ほんの数年前まで、言ってる事はめちゃくちゃで信頼性は低い、計算問題すら間違えるっていう完成度だったのに、
今やみんな第一次ソースとして信頼しきってます。
ggrksって言葉が長らくネット上の定型句となっていましたが、最近はチャッピーに聞けに置き換わってるそうです。
僕の働いている会社でもエンジニアだけでなく事務や営業部の人もAIを使っている人が増えている印象です。
ただ、どうも仕事が効率化されているかっていうとそうでもない気がするんですよね。
単にエンジニアがコードを書くという業務に着目するのであれば、効率はめちゃくちゃ上がったと思います。
しかし、仕様を決めるときにAIで叩き台を作らせて、使った事がない技術名が出てきたらそれをAIに聞いて、それを読んだだけで何でも熟知しているかのような口ぶりで「このやり方で出来るはず」と断定してくる人が増えてきている印象です。
特に厄介なのが依頼をしてくるお客さん。
クラウドソーシング等で特に顕著ですが、AIに仕様を作らせてこの要件で作って下さいって人が結構います。

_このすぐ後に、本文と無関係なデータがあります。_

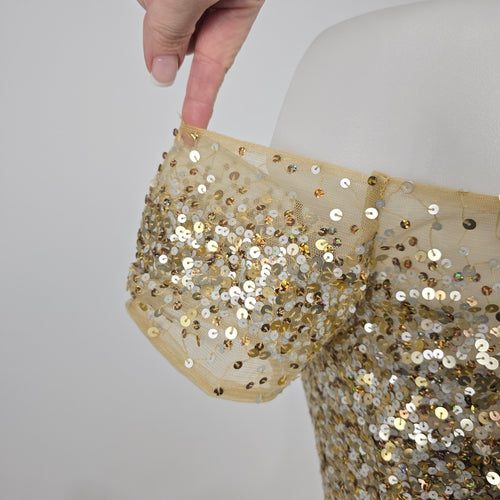 Sherri Hill Women’s Gold Sequin Off-Shoulder Mermaid Gown Size 4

実際にそれが使える完成度なら良いんですが、大抵どこかで障害の要因があったり要件を満たしていなかったり、技術的に不可能な部分が出てきます。
AIって特定のプラットフォームの操作に関しては情報がそこまでネット上にオープンになっていない事もあって、出来ないことを平気で「出来る」と断定してきちゃうんですよね。
中には、AIに聞けば自分たちで出来そうだからと保守業務を断っておいて、AIに聞いた設定を投入してネットワーク障害を引き起こしたお客さんも過去にいらっしゃいました。

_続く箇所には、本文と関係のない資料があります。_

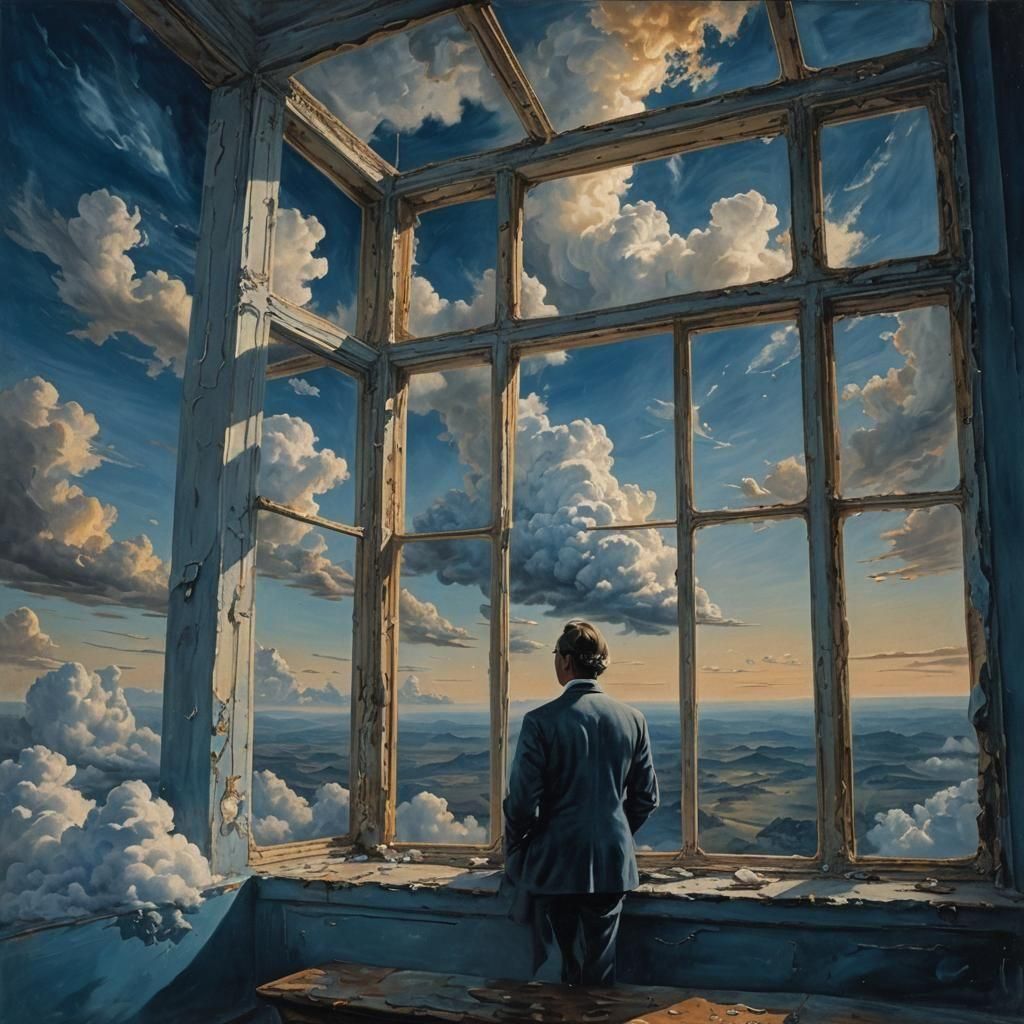 Fluffy White Clouds in a Blue Sky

結局何が言いたいのかというと、この業務の滞りを引き起こすか起こさないかって結局そのAIの発信内容を理解しているかどうかに尽きると思います。
ここで重要なのは「理解している風」ではなく「理解している」事です。
AIを使えば凡人が優秀に見せる事は可能です。(特にテキストベースであれば)
でも、こういう優秀に見せている人って指摘を繰り返すと割とすぐにボロが出ます。
なぜその技術選定をしたのか、仕様を決定したのかの根拠はありません。その人にとっては「AIがそう言っていたから」が最大の根拠です。

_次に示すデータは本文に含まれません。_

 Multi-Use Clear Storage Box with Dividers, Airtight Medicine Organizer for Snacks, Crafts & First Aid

そんな状況で仕事を進めて、上手くいくはずないですよね。
AIを使ってコードを5倍の速度で書き上げようが、仕様に抜け漏れがあったらやり直し。無駄なだけです。
僕たちのような技術屋にとっては、やっぱり実際に手を動かした経験が重要なのかな思ってます。
仕様作成だって、過去にあんな事例があって納期が遅れた事あったなとか、似たようなネットワークを過去に作ったからこれだけの工数見積もれば十分に間に合うなとか、
そういう判断って経験してるからこそ出来る事だし、プロとして絶対必要な要素かなと。
(偉そうな事をいいつつ、そういう意味では僕もまだまだ勉強中ですけど)
AIという強力なツールを使いこなしつつも、現場での実体験はサボらずに積んでいきたいものですね。